▶ **Dataset excerpt**
----------

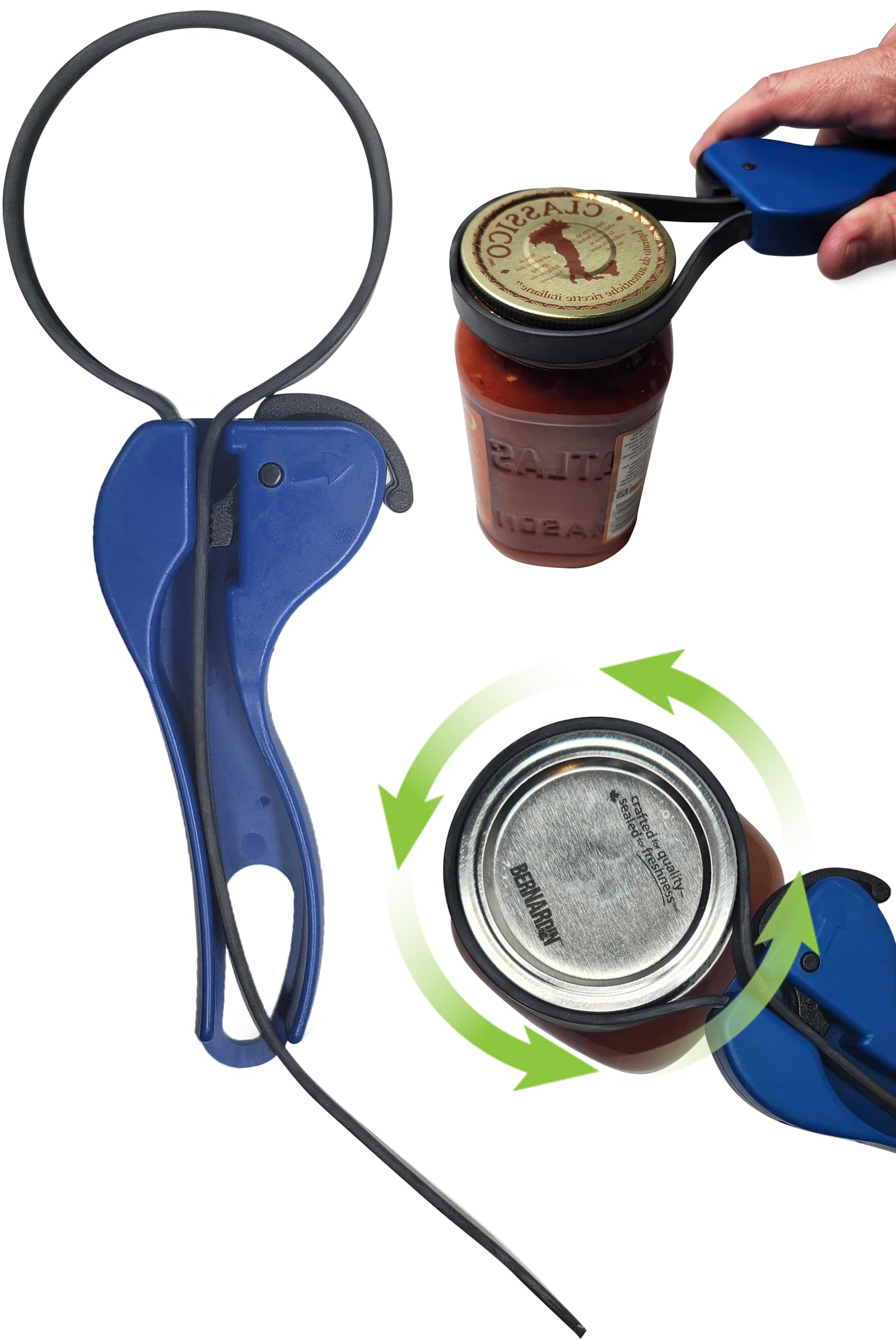 Cap Strap Jar Opener - Kitchen Discovery - Adjustable Bottle And Jar Opener For Seniors And Those With Weak Hands - Gripper Stra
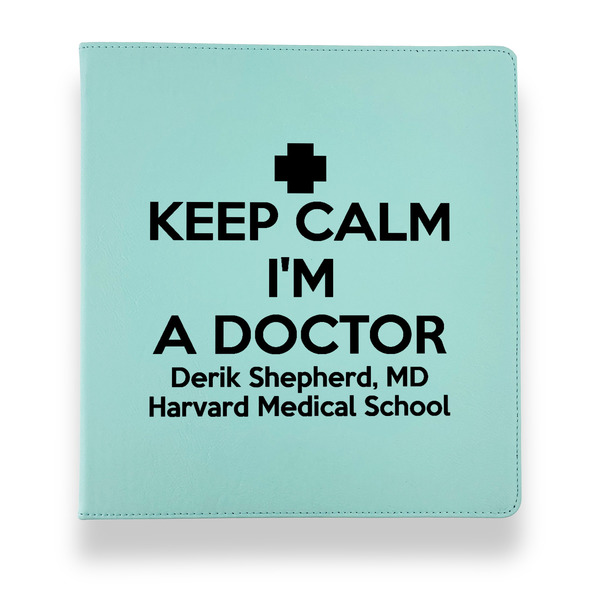 Custom Medical Doctor Leather Binder - 1" - Teal (Personalized)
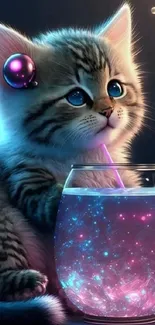 Cute kitten next to a glowing, sparkling drink.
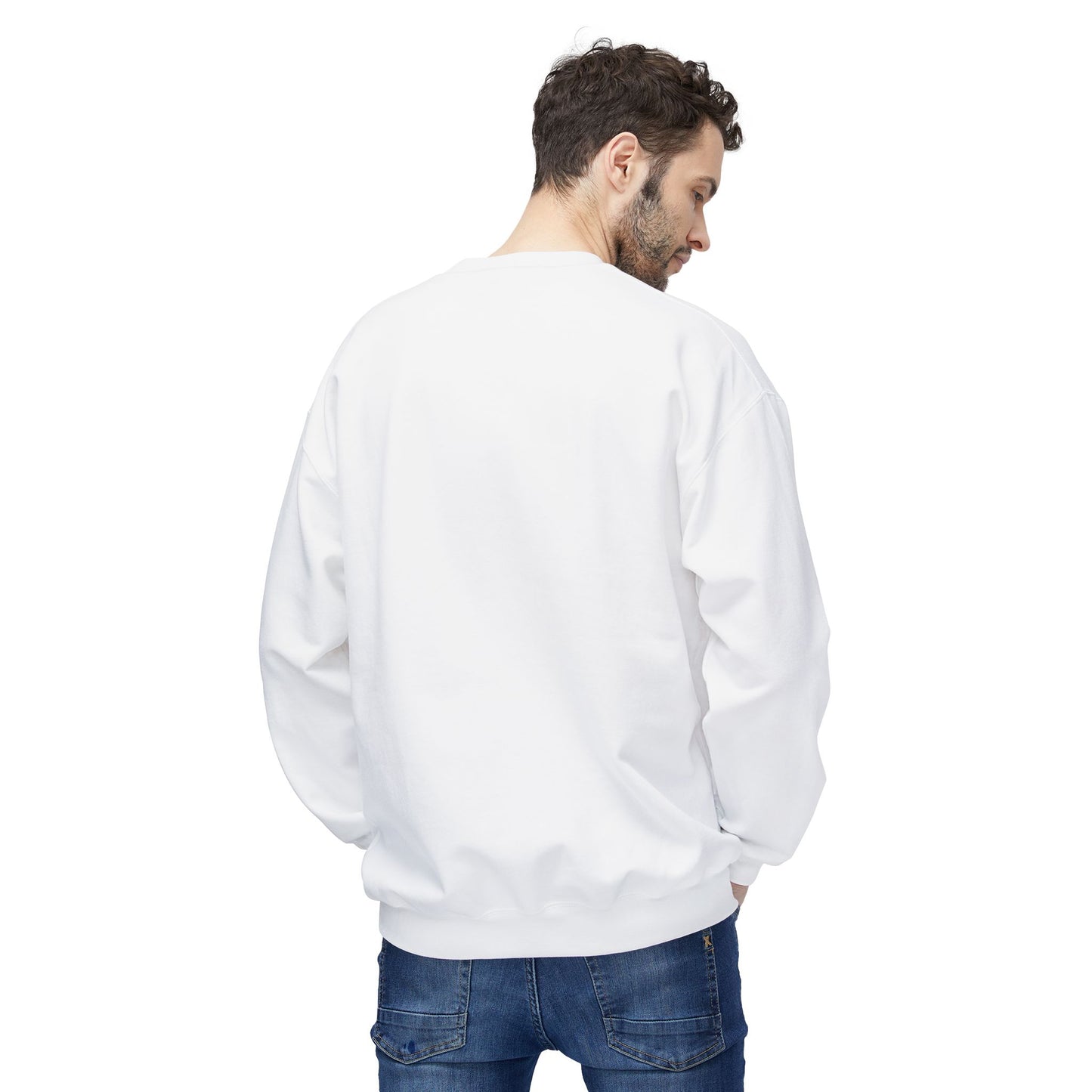 Back view of Elf Cedric and Santa Maya Holiday Sweatshirt worn by a man in White, highlighting relaxed fit and cozy feel, perfect for winter and holiday style.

----------

▶ **Exercise goal**
Would it be possible to give the material above again exactly, with the pictures left out?

▶ **Result below**
 Cap Strap Jar Opener - Kitchen Discovery - Adjustable Bottle And Jar Opener For Seniors And Those With Weak Hands - Gripper Stra
 Custom Medical Doctor Leather Binder - 1" - Teal (Personalized)
 Cute kitten next to a glowing, sparkling drink.
 Back view of Elf Cedric and Santa Maya Holiday Sweatshirt worn by a man in White, highlighting relaxed fit and cozy feel, perfect for winter and holiday style.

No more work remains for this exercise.